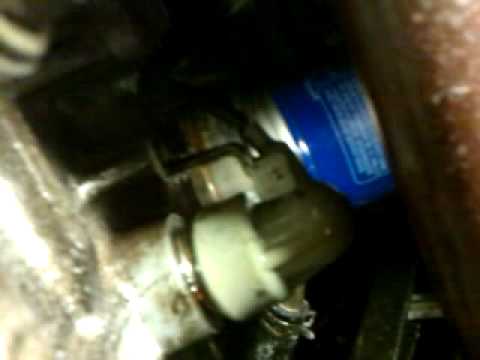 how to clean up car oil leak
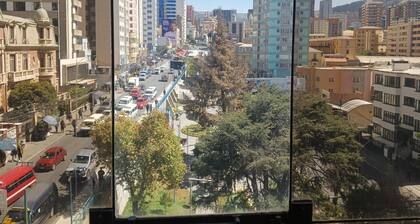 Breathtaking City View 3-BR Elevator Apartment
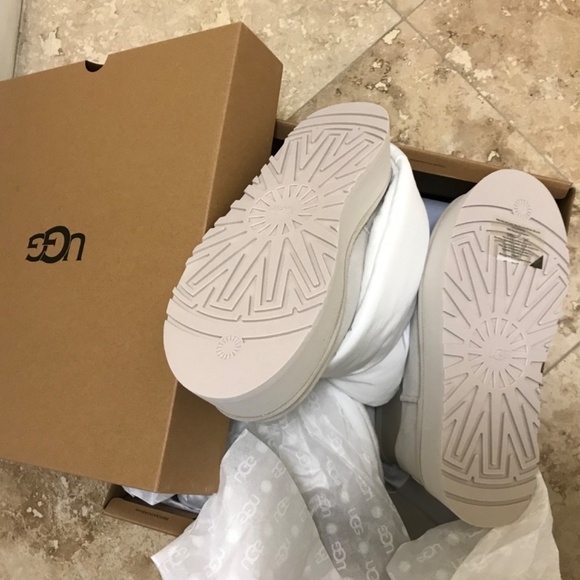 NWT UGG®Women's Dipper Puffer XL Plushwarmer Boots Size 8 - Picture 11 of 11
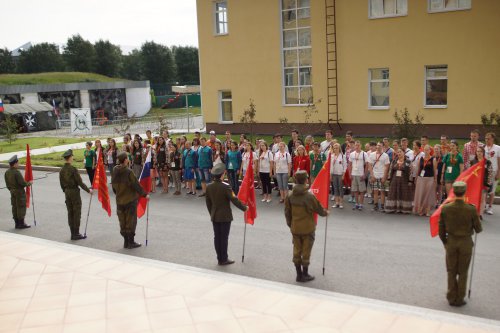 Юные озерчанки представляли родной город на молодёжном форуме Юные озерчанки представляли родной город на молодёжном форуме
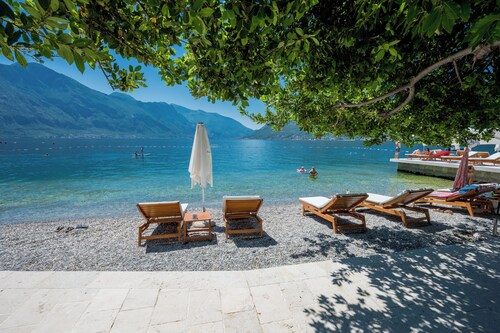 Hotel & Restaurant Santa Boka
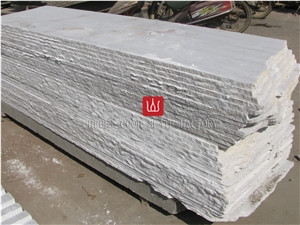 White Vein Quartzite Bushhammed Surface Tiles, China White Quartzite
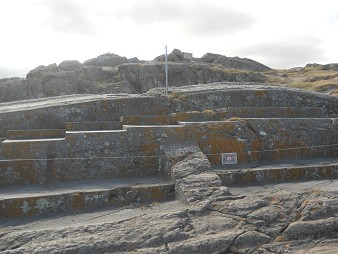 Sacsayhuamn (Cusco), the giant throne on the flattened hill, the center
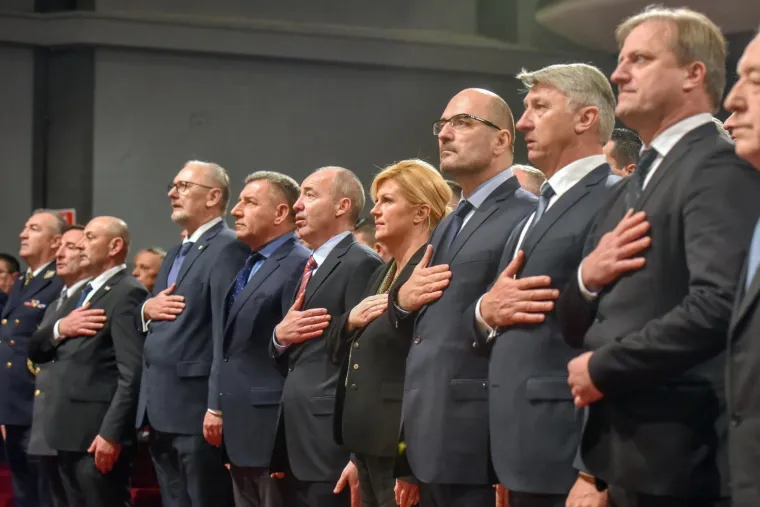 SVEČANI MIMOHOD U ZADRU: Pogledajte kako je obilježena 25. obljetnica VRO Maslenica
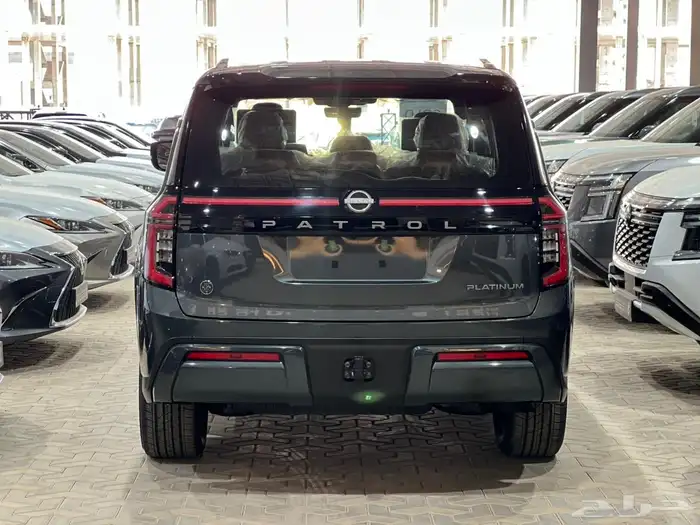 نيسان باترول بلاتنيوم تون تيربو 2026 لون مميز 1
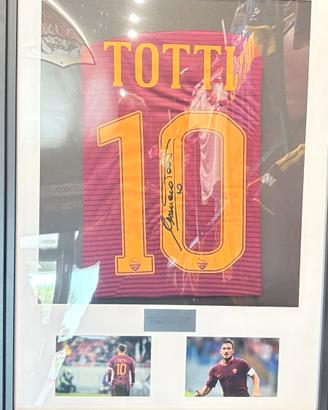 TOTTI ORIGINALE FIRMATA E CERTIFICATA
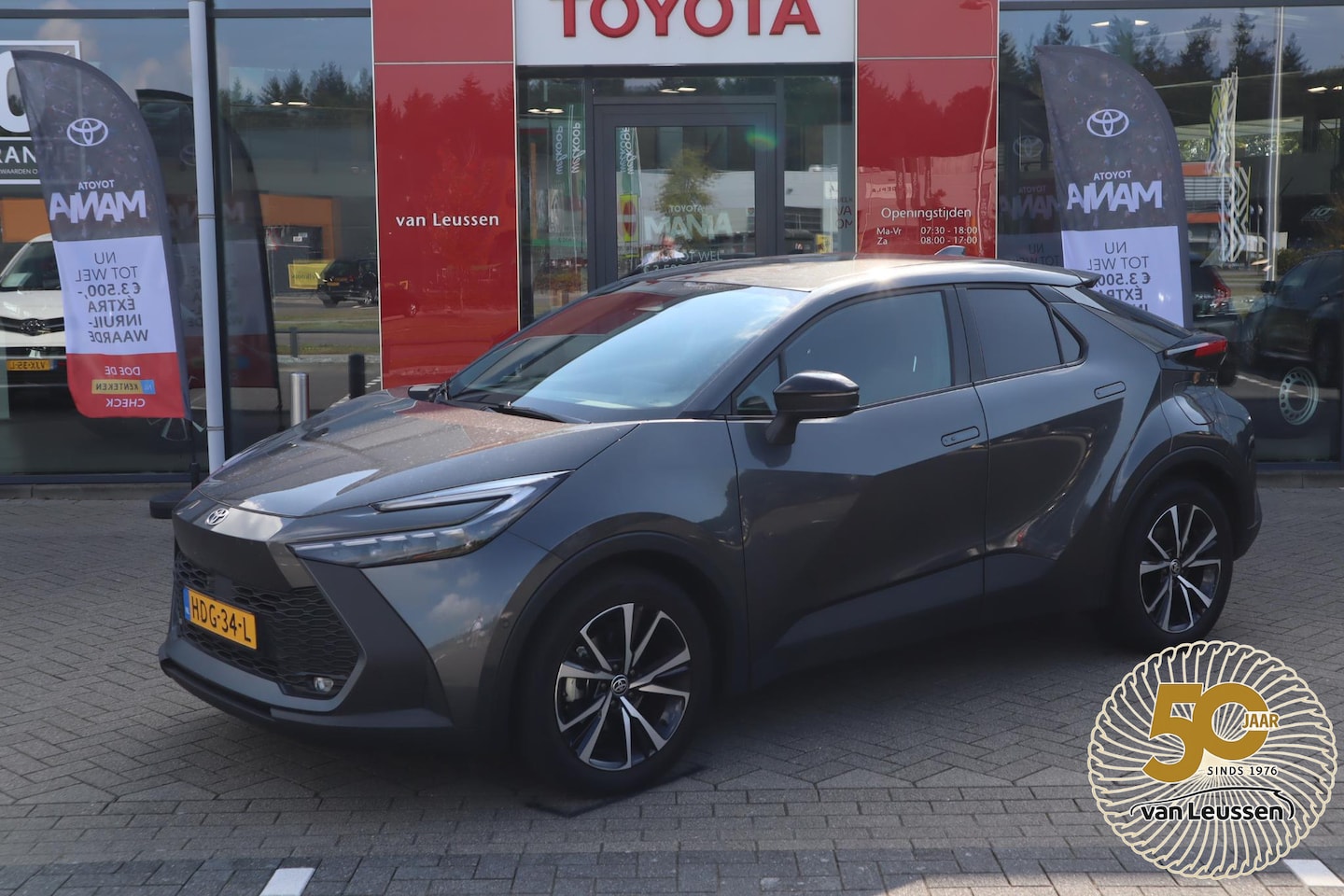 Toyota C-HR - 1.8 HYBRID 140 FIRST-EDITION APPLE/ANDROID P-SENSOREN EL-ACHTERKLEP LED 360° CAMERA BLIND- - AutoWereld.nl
-*-*-
Each line from the one with "White Vein Quartzite" through the final line of the records must be copied exactly, with no pictures and no additional lines.

 White Vein Quartzite Bushhammed Surface Tiles, China White Quartzite
 Sacsayhuamn (Cusco), the giant throne on the flattened hill, the center
 SVEČANI MIMOHOD U ZADRU: Pogledajte kako je obilježena 25. obljetnica VRO Maslenica
 نيسان باترول بلاتنيوم تون تيربو 2026 لون مميز 1
 TOTTI ORIGINALE FIRMATA E CERTIFICATA
 Toyota C-HR - 1.8 HYBRID 140 FIRST-EDITION APPLE/ANDROID P-SENSOREN EL-ACHTERKLEP LED 360° CAMERA BLIND- - AutoWereld.nl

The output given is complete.